A little about tides - Part 1

Yes, it is about the moon (mostly), but how?

TRIVIA AND MISCELLANEOUS

9/25/20232 min read

OK, I will confess that I have never exactly understood how tides worked. I knew it was something to do with the moon and to a lesser extent, the sun. However, the occasions where I tried to really understand it, I always came short. IO don’t remember details but there was always something the didn’t completely add up. The other day, I came across a YouTube video that made it quite clear to me and thought I would share. However, it had a different explanation for the extremely high tides in the Bay of Fundy which will be the topic for a post in the near future.

Agreeing with my recollection, the videos says most people think the tides are caused by the moon pulling the earth’s water closer to it. That is part of it, but then why are there two high tides per day? Shouldn’t the tide be highest on the side of the earth closest to the moon and lowest on the opposite side, resulting in a roughly daily cycle? Instead we have, roughly, two high and two low tides per day.

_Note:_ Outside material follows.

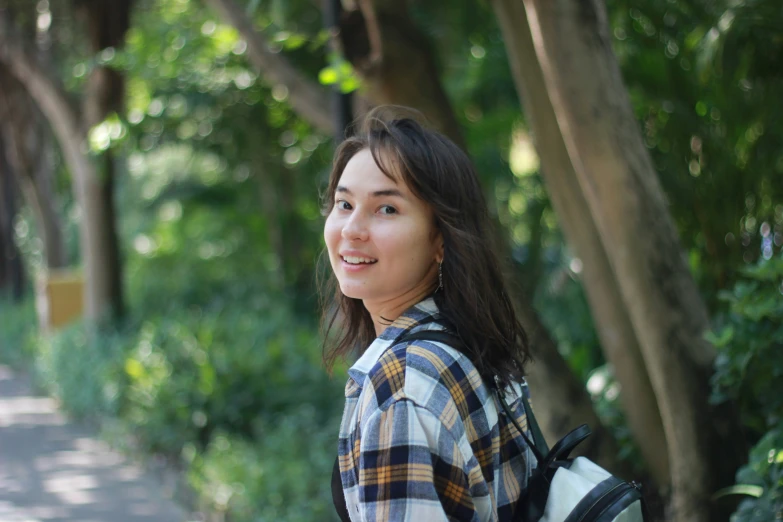 the young woman smiles as she walks by some trees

The video reminds us that gravitational attraction varies with the square of the distance between the two bodies. Two bodies that are closer have more attraction and accelerate towards each other faster than two bodies far apart. Now, let’s imagine that the solid part of the earth is one solid body and the oceans are a whole bunch of little bodies. Then, as the earth is accelerating towards the moon at some rate, all those little water bodies closest to the moon will be accelerating faster than the center of the earth as a whole and thus bulge towards the moon (and away from the earth) a small amount causing a high tide. On the opposite side of the earth, the water is accelerating slower and thus falling behind the earth, bugling away from the earth (and the moon) causing a high tide on the other side. Viola! Two tides per day as the earth rotates.